Subject: bin/19387: fix for error in pwd_mkdb error reporting, plus some 25% more performance enhancements
To: None <gnats-bugs@gnats.netbsd.org>
From: Greg A. Woods <woods@weird.com>
List: netbsd-bugs
Date: 12/15/2002 00:06:05
>Number:         19387
>Category:       bin
>Synopsis:       fix for error in pwd_mkdb error reporting, plus some 25% more performance enhancements
>Confidential:   no
>Severity:       serious
>Priority:       high
>Responsible:    bin-bug-people
>State:          open
>Class:          sw-bug
>Submitter-Id:   net
>Arrival-Date:   Sat Dec 14 21:07:00 PST 2002
>Closed-Date:
>Last-Modified:
>Originator:     Greg A. Woods
>Release:        2002-12/12
>Organization:
Planix, Inc.; Toronto, Ontario; Canada
>Environment:
System: NetBSD proven 1.5W NetBSD 1.5W (PROVEN) #1: Sat Aug 25 21:25:26 EDT 2001 woods@proven:/work/woods/NetBSD-src/sys/arch/i386/compile/PROVEN i386
Architecture: i386
Machine: i386
>Description:

	as has been discussed on the various lists several times over
	the past half decade, pwd_mkdb(8) has traditionally had very bad
	performance, especially for rebuilding large passwd files, and
	this is apparently due to the very poor tuning of the hash(3)
	parameters used to create the .db files.

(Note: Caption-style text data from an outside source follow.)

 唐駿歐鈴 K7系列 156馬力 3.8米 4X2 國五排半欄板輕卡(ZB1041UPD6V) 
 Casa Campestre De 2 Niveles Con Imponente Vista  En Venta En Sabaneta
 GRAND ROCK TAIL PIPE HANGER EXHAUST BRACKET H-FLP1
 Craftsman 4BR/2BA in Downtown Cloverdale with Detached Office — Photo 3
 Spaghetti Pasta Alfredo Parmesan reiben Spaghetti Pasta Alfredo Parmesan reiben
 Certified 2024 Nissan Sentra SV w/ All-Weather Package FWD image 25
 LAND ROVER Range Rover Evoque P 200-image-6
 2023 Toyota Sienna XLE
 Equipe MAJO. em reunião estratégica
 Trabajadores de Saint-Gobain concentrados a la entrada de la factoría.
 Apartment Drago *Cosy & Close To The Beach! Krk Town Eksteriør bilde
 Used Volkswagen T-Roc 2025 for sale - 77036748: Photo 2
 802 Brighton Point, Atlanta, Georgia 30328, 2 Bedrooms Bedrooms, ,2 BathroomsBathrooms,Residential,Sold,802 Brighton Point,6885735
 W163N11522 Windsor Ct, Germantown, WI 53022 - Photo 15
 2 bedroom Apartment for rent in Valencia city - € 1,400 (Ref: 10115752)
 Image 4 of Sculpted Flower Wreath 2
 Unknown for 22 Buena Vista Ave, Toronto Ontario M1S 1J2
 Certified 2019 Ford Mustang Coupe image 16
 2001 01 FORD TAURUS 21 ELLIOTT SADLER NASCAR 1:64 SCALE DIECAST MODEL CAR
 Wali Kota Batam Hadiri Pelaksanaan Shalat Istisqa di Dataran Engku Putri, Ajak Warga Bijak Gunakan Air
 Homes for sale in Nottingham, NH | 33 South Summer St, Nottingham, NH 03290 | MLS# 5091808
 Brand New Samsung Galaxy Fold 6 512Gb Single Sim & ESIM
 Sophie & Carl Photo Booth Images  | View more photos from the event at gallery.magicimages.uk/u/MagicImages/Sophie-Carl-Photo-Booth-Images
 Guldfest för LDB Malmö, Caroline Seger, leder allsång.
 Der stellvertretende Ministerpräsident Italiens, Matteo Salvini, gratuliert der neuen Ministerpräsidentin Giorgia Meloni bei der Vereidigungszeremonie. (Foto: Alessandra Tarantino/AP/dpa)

	some attempt was made to do some minor tuning of pwd_mkdb a bit
	over a year ago, but apparently without much real thought to
	even the general nature of hash-bucket databases (and not even
	all the suggestions from the lists were applied verbatim).

	the changes below cut runtime on my P-Pro with slow IDE drives
	for an ~11,000 entry passwd file to approximately just 70% of
	the plain 8MB cachesize version (and to just 10% of the original
	2MB cachesize version!).  (and still just 75% the runtime of the
	plain 8MB version with ~22,000 entries)

	also in testing these changes using '-d' naively I discovered a
	very serious bug in the error reporting in the install() function.
	(buf was used as both target and source in an snprintf()!!!)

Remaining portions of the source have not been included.